• _TRY IT_
For the material below, return exactly the lines starting at the one holding "Cambridge Art" and ending at the one holding "Фото участника: Екатерина Колобкова", counting both as part of the range.

• _DATA IN THIS EXERCISE_
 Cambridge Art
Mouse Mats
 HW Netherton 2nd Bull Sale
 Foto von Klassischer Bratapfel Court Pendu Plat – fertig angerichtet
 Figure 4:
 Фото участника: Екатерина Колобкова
...
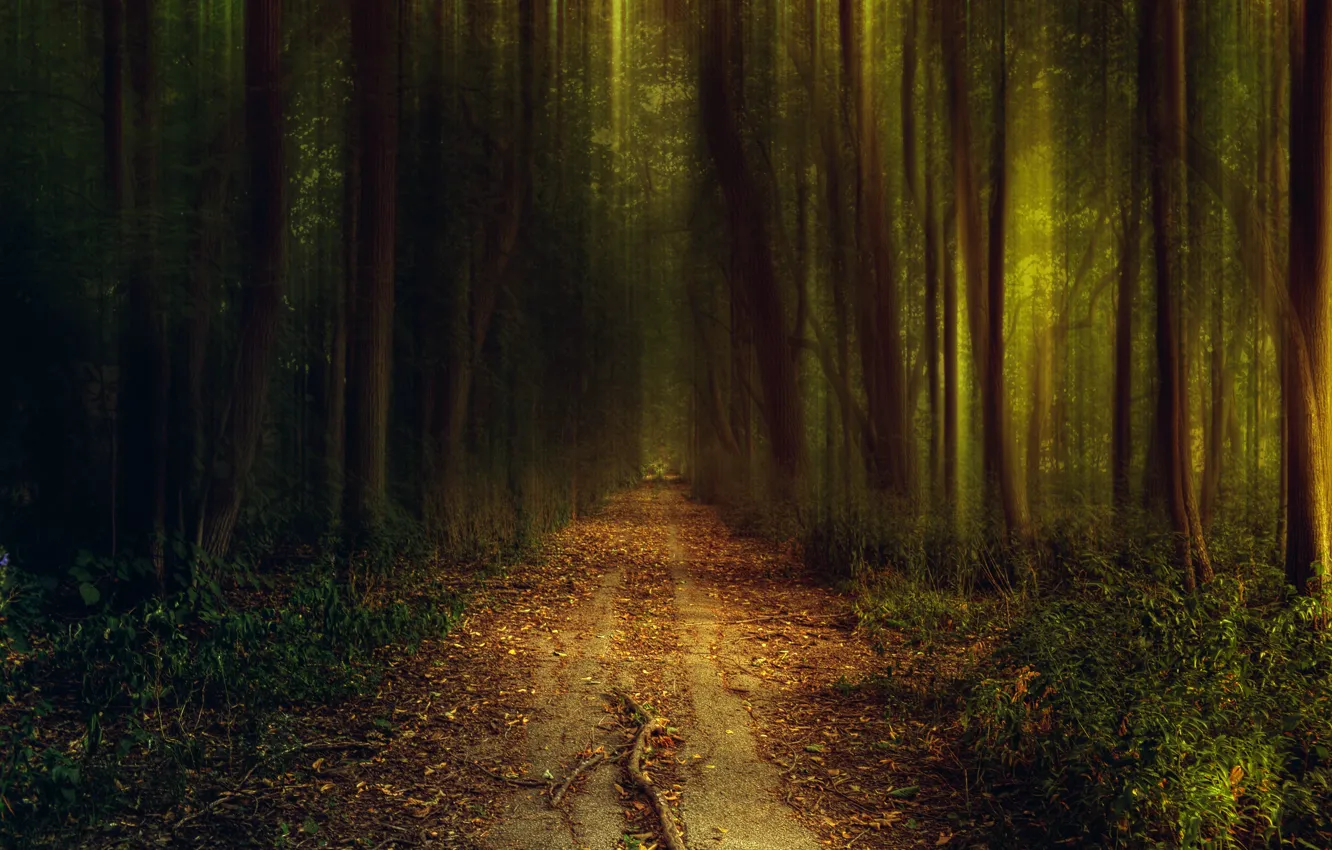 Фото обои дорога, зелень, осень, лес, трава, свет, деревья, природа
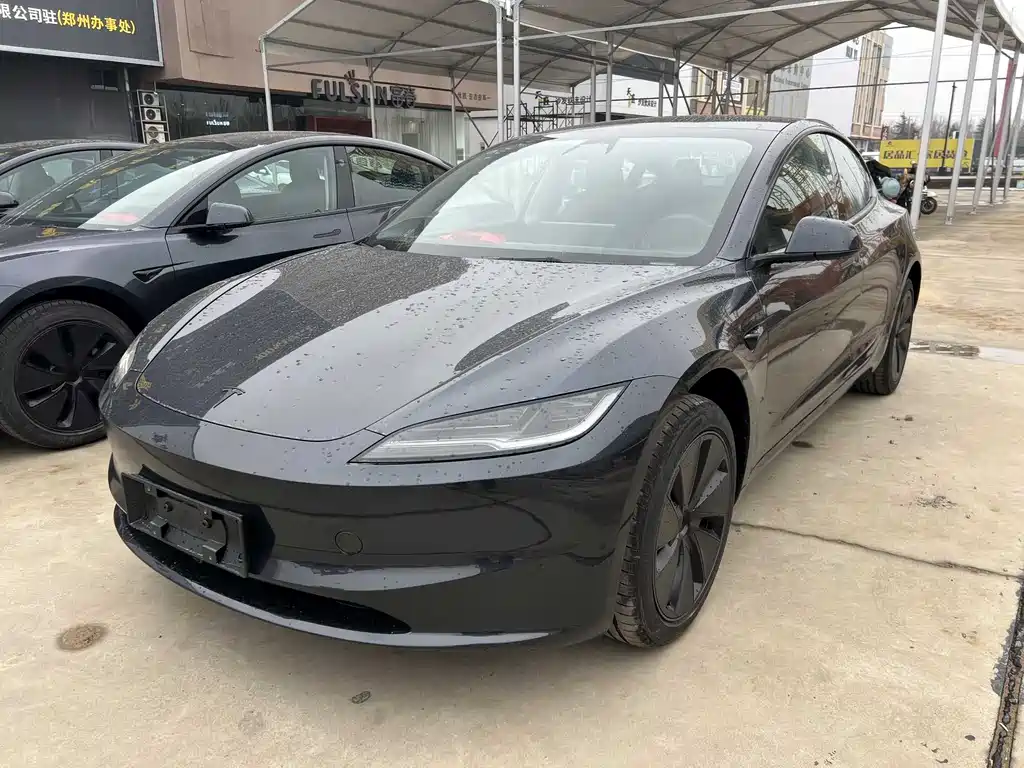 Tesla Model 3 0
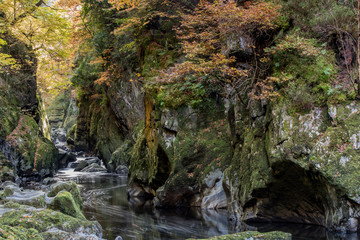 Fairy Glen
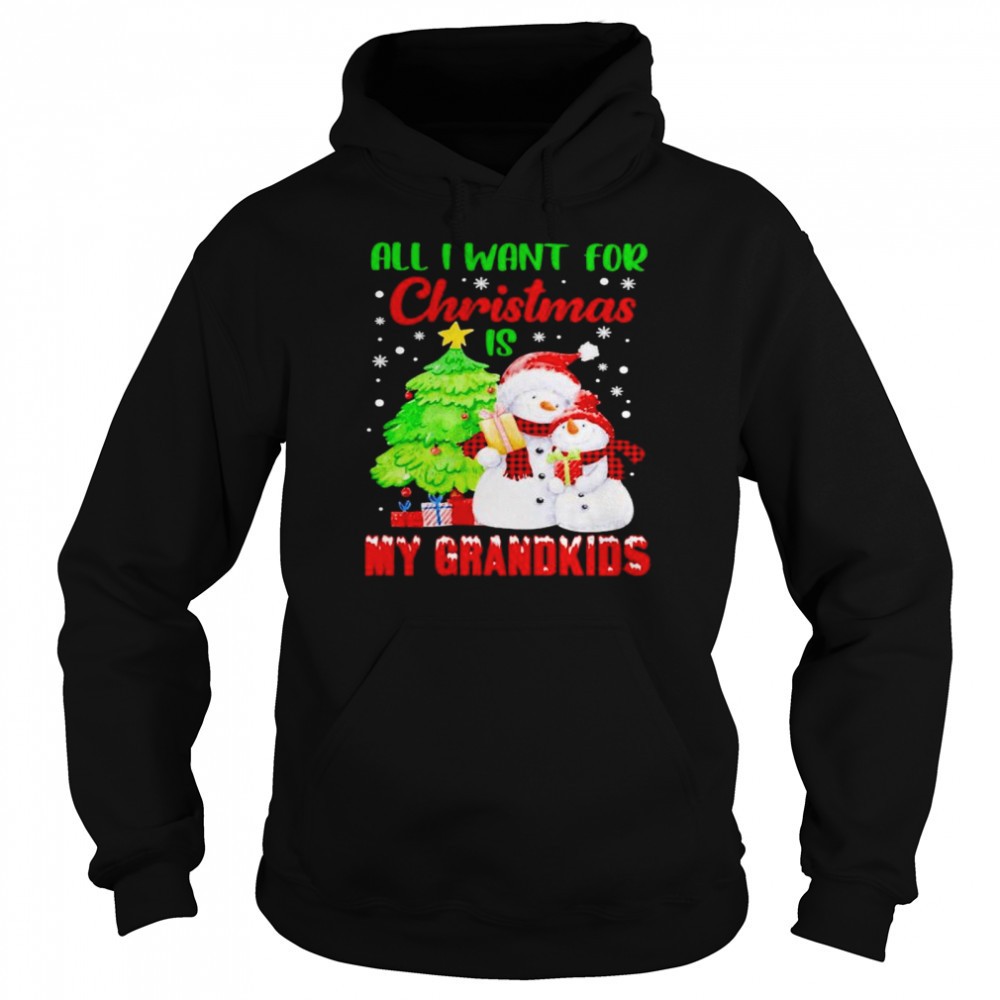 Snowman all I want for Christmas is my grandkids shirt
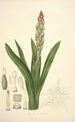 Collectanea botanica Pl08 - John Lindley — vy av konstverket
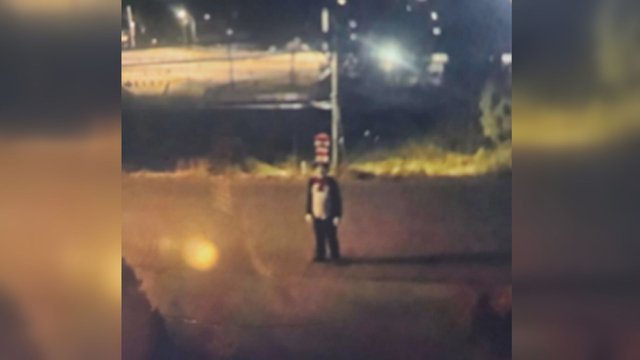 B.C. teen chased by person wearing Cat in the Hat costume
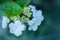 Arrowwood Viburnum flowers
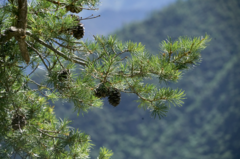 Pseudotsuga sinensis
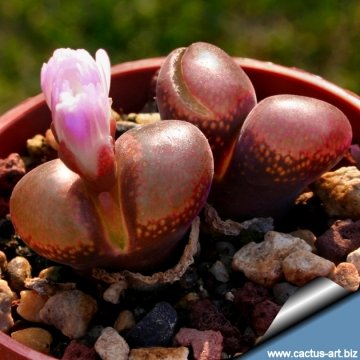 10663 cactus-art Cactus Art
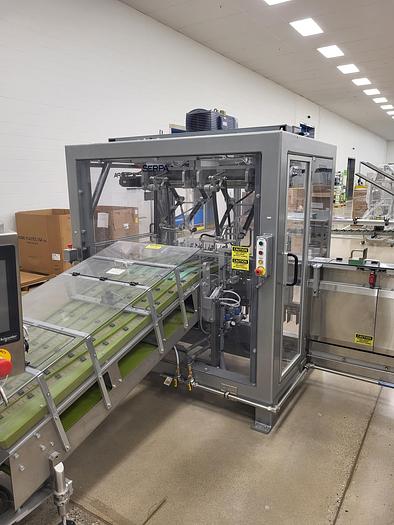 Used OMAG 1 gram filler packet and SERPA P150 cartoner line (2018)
...
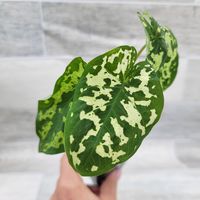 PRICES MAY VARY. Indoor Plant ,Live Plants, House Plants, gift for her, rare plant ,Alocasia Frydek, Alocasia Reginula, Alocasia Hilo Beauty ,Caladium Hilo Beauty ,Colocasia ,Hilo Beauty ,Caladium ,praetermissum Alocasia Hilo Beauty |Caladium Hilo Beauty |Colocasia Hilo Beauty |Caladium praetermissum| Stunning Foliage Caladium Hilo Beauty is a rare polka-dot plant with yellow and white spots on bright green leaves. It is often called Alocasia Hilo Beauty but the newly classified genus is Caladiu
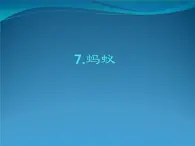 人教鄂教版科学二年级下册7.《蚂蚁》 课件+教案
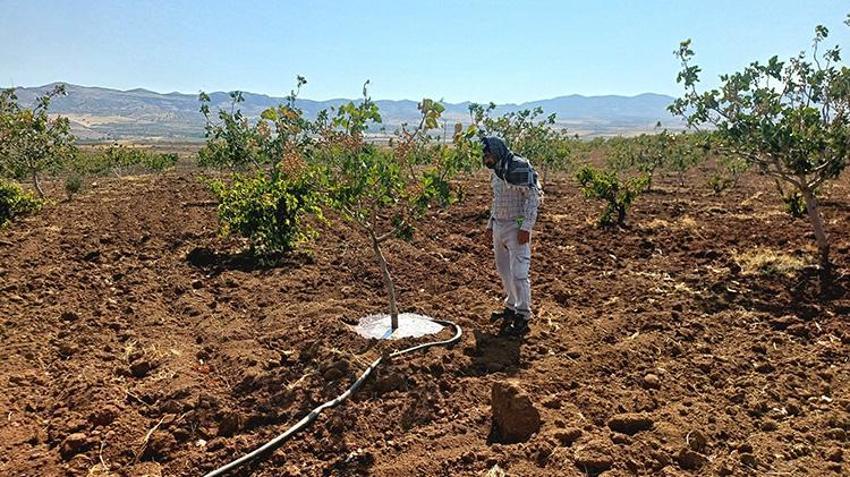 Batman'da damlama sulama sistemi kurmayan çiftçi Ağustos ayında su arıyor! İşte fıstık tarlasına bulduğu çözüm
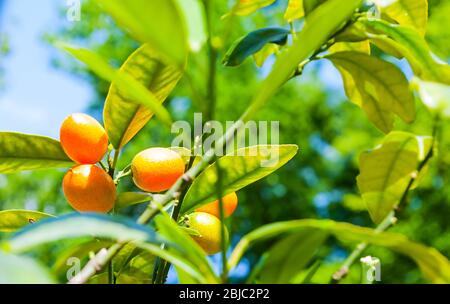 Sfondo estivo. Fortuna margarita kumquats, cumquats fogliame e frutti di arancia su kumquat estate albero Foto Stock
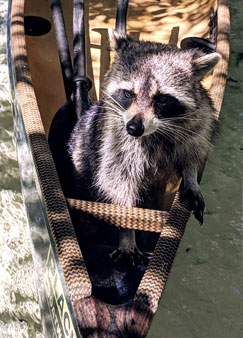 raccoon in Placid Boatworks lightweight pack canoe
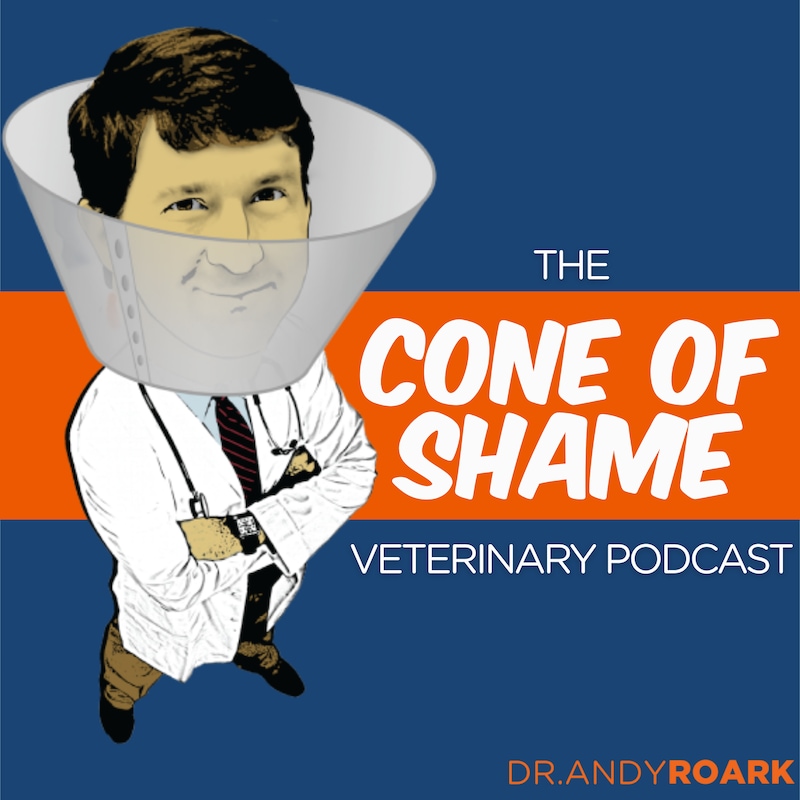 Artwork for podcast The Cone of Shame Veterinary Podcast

• _ANSWER TO THE PROBLEM_
 Cambridge Art
Mouse Mats
 HW Netherton 2nd Bull Sale
 Foto von Klassischer Bratapfel Court Pendu Plat – fertig angerichtet
 Figure 4:
 Фото участника: Екатерина Колобкова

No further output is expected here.